Source data
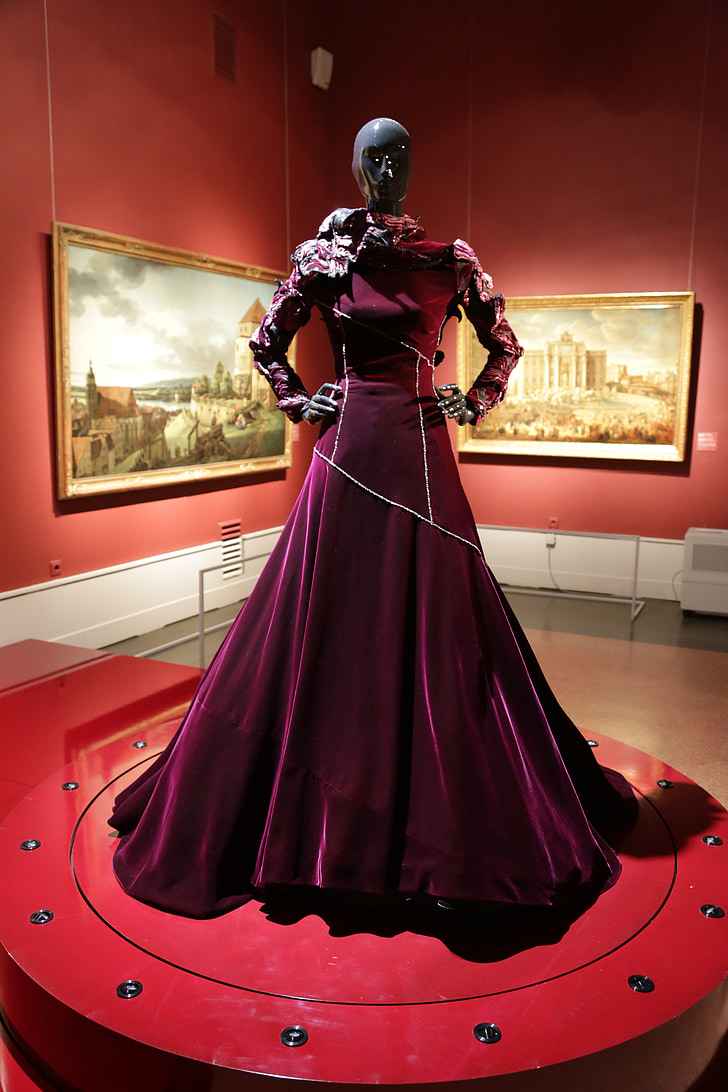 mannequin wearing burgundy velvet gown on display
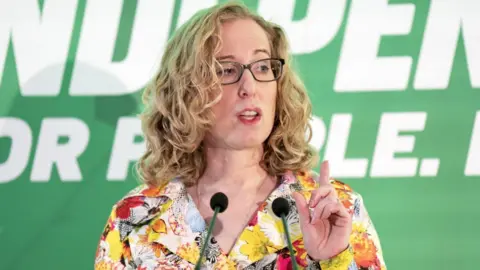 PA Media Lorna Slater who has blonde hair and is wearing black glasses, speaks with a raised pointed finger at a press conference with a green background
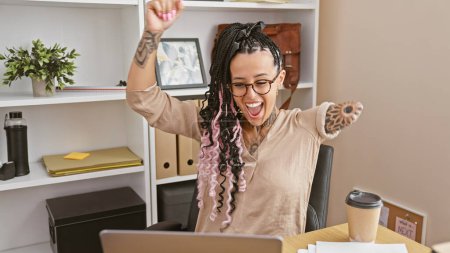 Photo for Joyful hispanic woman worker, an amputee, celebrating business win at office, laughing while working on laptop! - Royalty Free Image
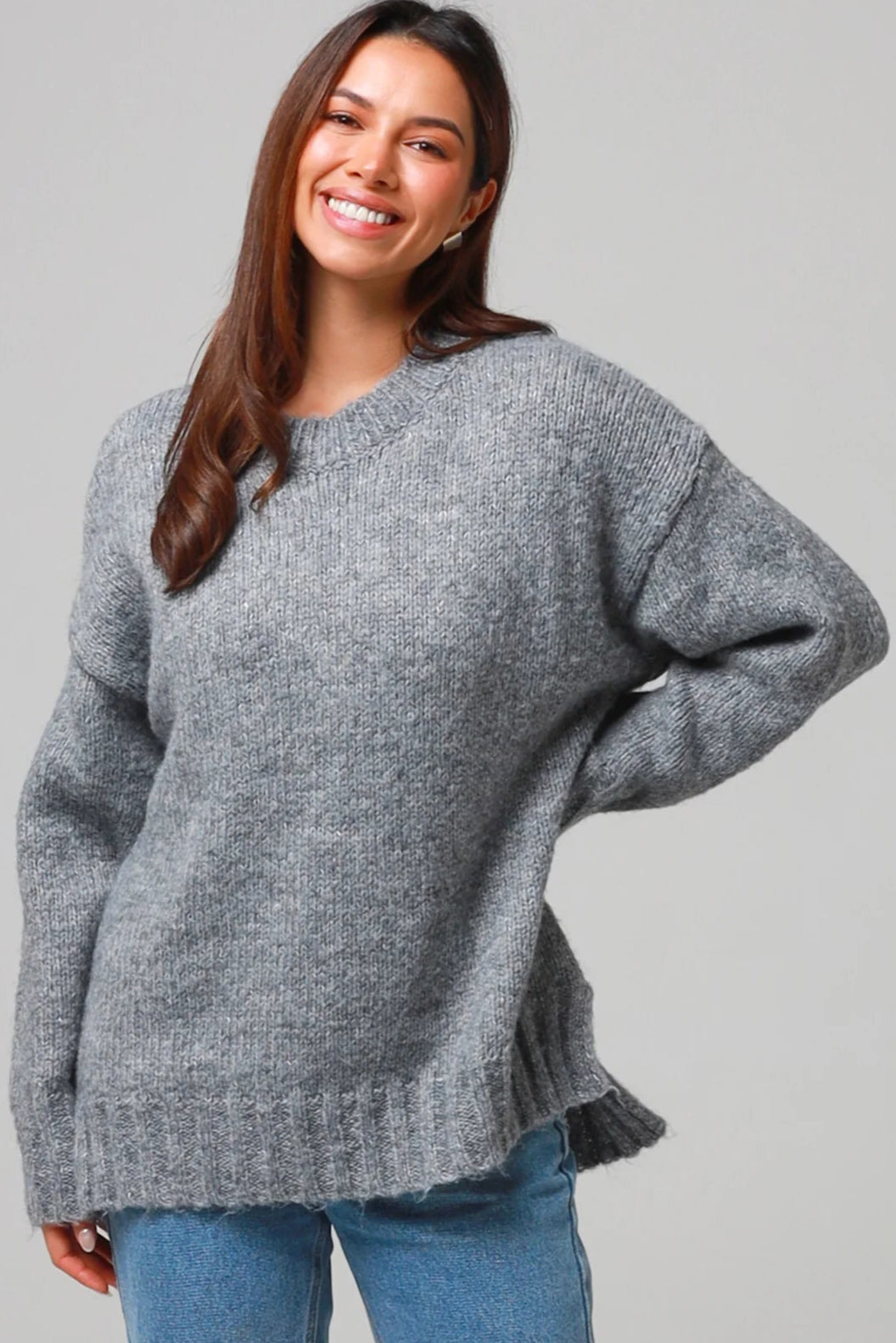 Woman wearing a grey wool blend knit jumper with ribbed cuffs and hem- boho winter jumper Australia.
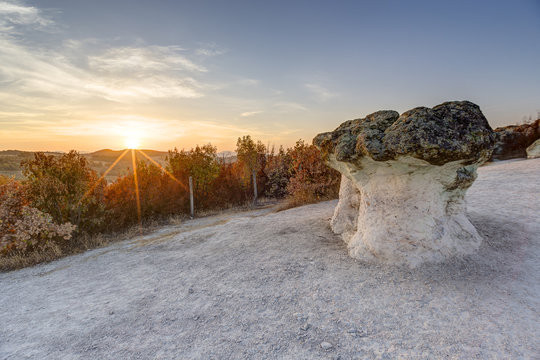 Mushroom rock phenomenon at sunset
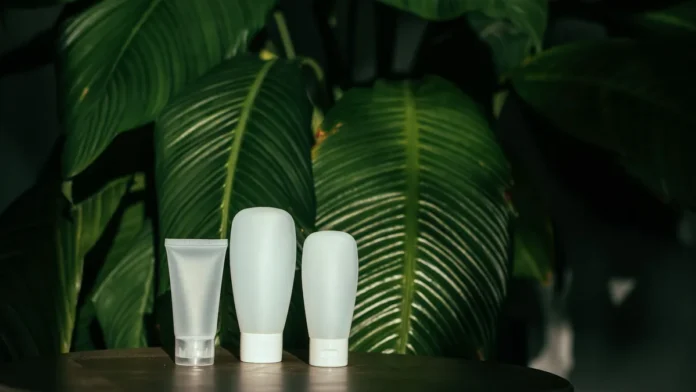 Natural vegan cosmetics with green leaves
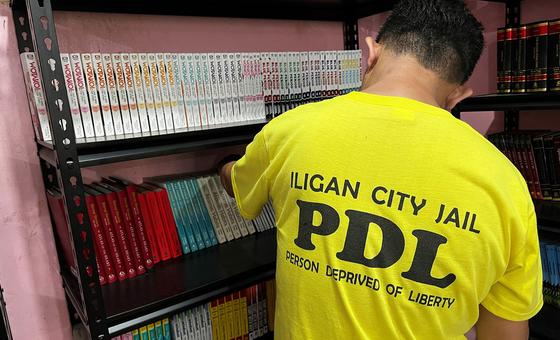 A prisoner arranges books in the library at Iligan City Jail.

AIM OF THE EXERCISE:
Would you retype every record above exactly, leaving out the pictures?

RESPONSE TO THIS EXERCISE:
 mannequin wearing burgundy velvet gown on display
 PA Media Lorna Slater who has blonde hair and is wearing black glasses, speaks with a raised pointed finger at a press conference with a green background
 Photo for Joyful hispanic woman worker, an amputee, celebrating business win at office, laughing while working on laptop! - Royalty Free Image
 Woman wearing a grey wool blend knit jumper with ribbed cuffs and hem- boho winter jumper Australia.
 Mushroom rock phenomenon at sunset
 Natural vegan cosmetics with green leaves
 A prisoner arranges books in the library at Iligan City Jail.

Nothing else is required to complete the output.